In the final section of William Faulkner's the sound and fury , we see a clear and more focused view coming from the Compson's servant Dilsey. Dilsey is the one character that brings a proper balance of the past and the present. I believe this is due to the fact that she has been with the Compson family for so long. She also different from the Compson's for she fully embraces the qualities of love and familial duties. Dilsey doesn't judge others for their actions and she doesn't hold the old "southern views " the Compson family has.
Faulkner sets up his novel so that it ends in this way because he wants to finally set the main message of his novel : "Old Southern Views are not okay, and even at the smallest unit of society, the family, we can see the wrongness in this society." Different from all the characters, Dilsey has a more optimistic view on society, she is the only true sign of hope for the Compson family. Her section is told on Easter Sunday and the house is chaotic on this particular day, and she is the only one who brings order to the house, and unlike characters like Jason. She believes in positive ideas and she even has a strong believe in God.
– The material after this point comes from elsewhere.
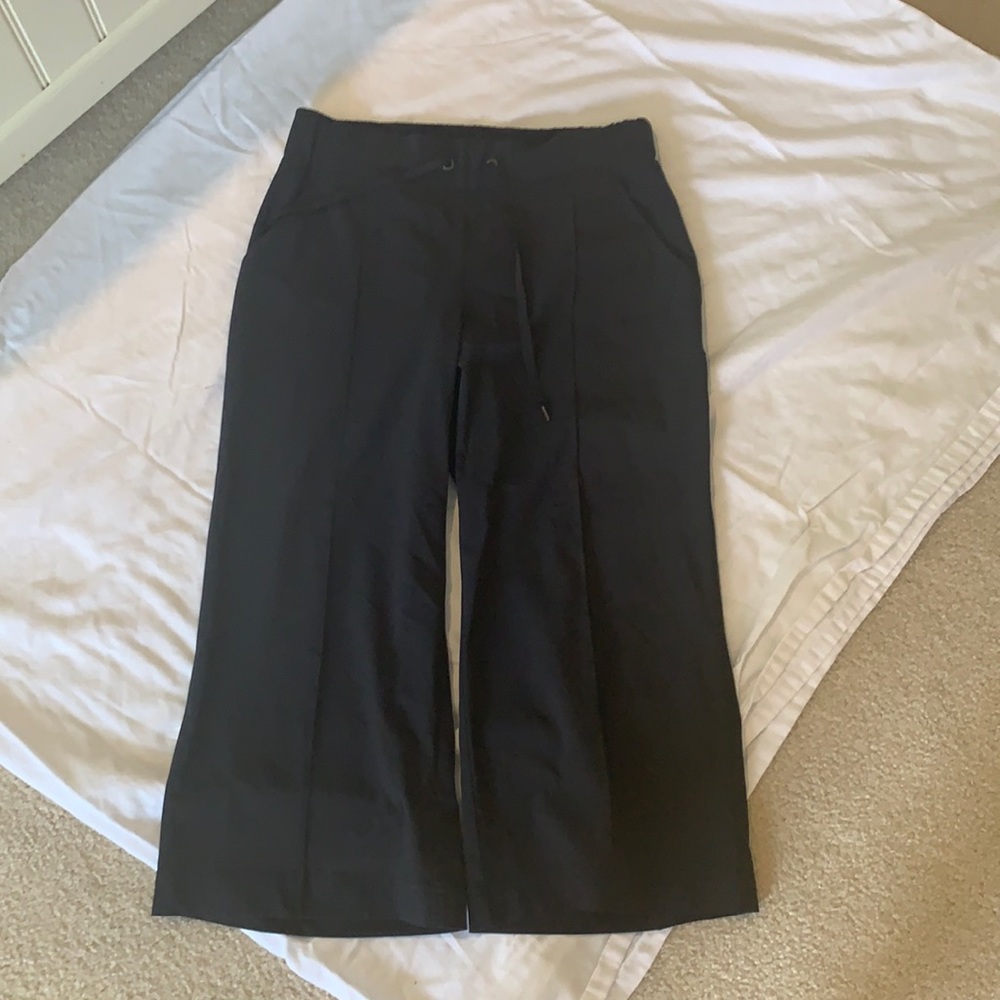 Athleta size 0 cropped pants.  Black.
Macbeth's quotation—"[life] is a tale told by an idiot, signifying nothing," represents a view that there is no purpose to life. Most religious people in that southern society believed that their was a higher purpose to life, and this quotation dismisses that notation. This relates to Faulkner's novel that is told four times in the fact that people in that Southern wouldn't really take what Benjy, an idiot says , to signify anything and by the time we get to Dilsey's section we see, contrary to this Macbeth quote. The book symbolizes how societal views affect the family as a unit and can even cause families to become dysfunctional, such as the Compson family is.